In the high-density bidirectional crowd environment of subway stations, dynamically adjusting diversion railings in the channel is a refined management strategy to improve traffic efficiency and safety. At present, railings usually adopt a fixed layout or are manually adjusted by staff based on experience, which makes it difficult to achieve adaptive management. To address this issue, this paper proposes a dynamic control framework for bidirectional crowds based on data-driven crowd dynamic system identification and model predictive control (MPC). The pedestrian dynamics theory is used to build a three-dimensional model of the bidirectional crowd under railings to generate a high-quality data set.

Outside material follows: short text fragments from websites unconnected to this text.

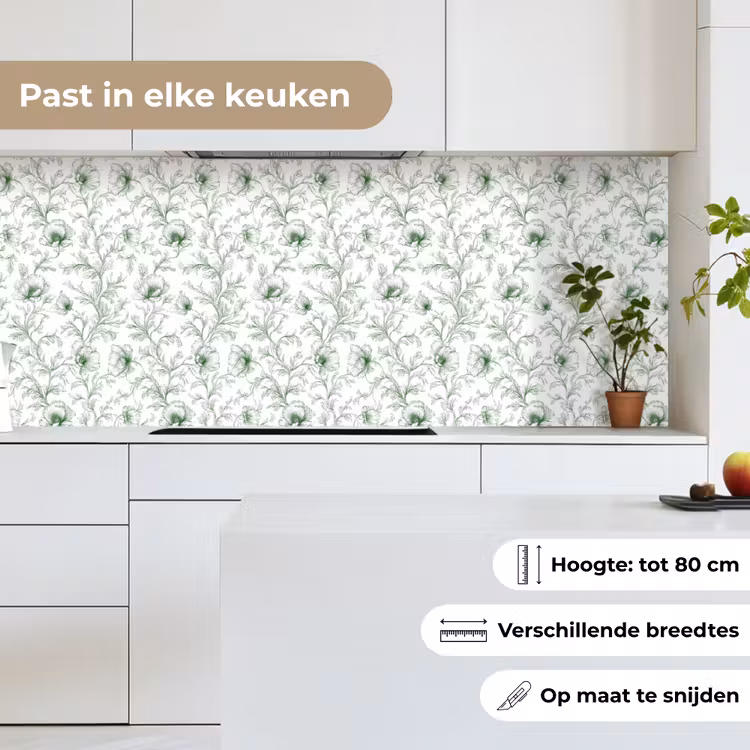 Bloemen - Getekend - Groen keuken achterwand 2 middel 871 -sfeer4_NL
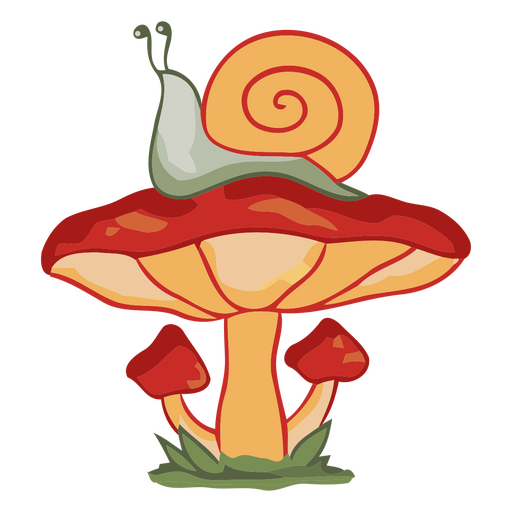 Ilustración de un caracol juguetón sobre un hongo Diseño PNG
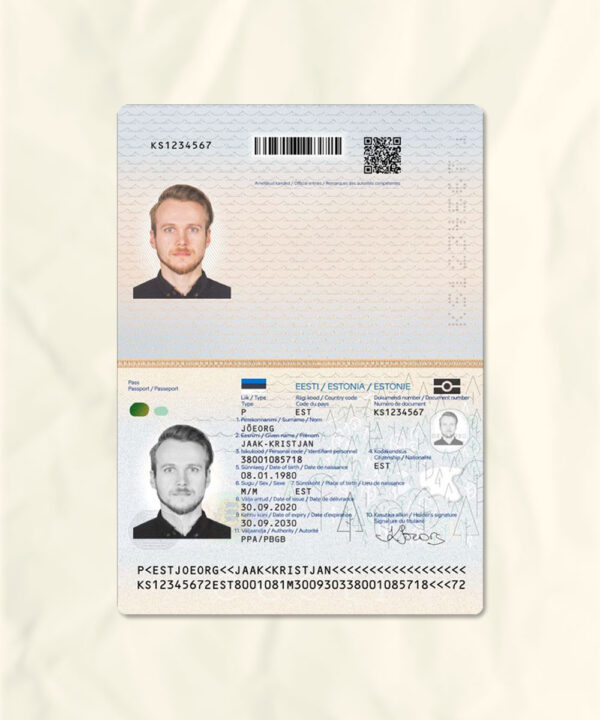 Estonia passport fake template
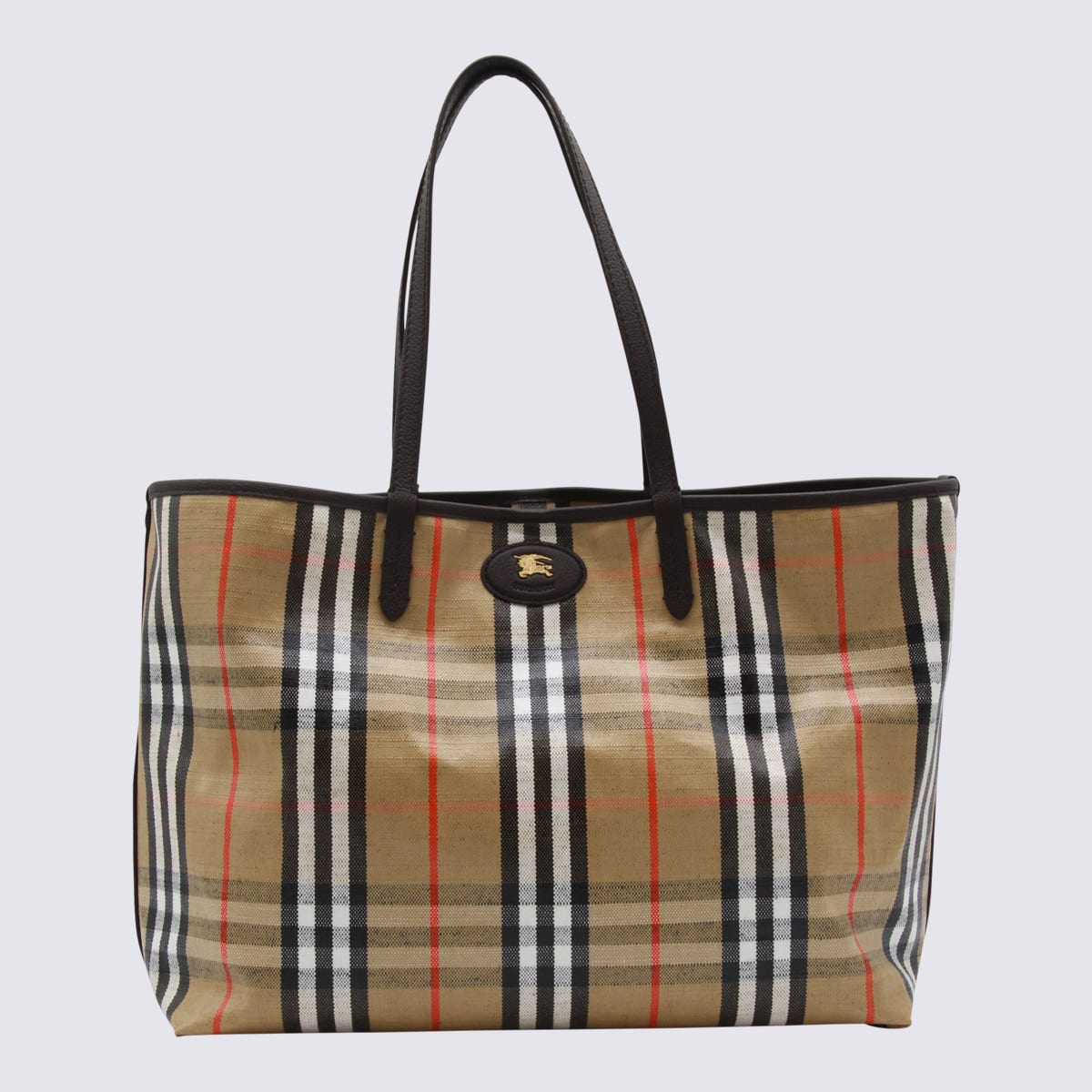 Burberry Womens Highlands Medium Cotton-blend Tote Bag Sand In Sand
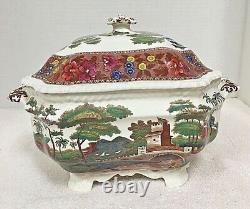 Spode Delft Tower Pattern Tureen with Lid 9.75 x 8.25 x 12 Tall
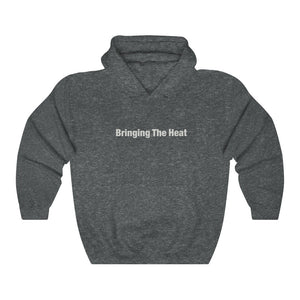 Heat Black/White Adult Male Heavy Blend™ Hooded Sweatshirt in Black, Charcoal, Dark Heather, Navy, Purple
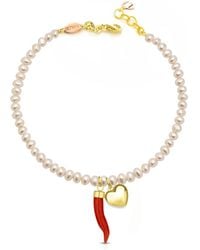 Unaloe - Vermeil Baroque Pearl Heart Bracelet For – Adjustable Symbolic Jewelry - Lyst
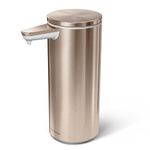 simplehuman ST1046 266ml Automatic Hand Motion Liquid Soap Dispenser, Rechargeable, Variable Dispense, No-drip Valve, IP67 Waterproof, Rose Gold High-Grade Stainless Steel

Three types of data-driven linear and nonlinear identification models are constructed, and indicators such as FPE, NRMSE, MSE, FPE, AIC, and BIC are introduced to evaluate the accuracy of identification results. Based on the identification model, the MPC controller is designed with the railing position as the control input and the crowd density difference on both sides of the railing as the control target. The robust performance of the optimization strategy is ensured by setting the response limit of the control output. The traffic quality assessment model is developed to evaluate walking efficiency and safety. Simulation data shows the railing control strategy taking into account robustness significantly balances the traffic smoothness and safety and has a certain anti-interference ability. In addition, the MassMotion simulation system further demonstrates the ability of the proposed optimization strategy. This method provides a novel solution to the problem of high-density bidirectional traffic safety management, and provides a practical guide for station managers’ decision-making.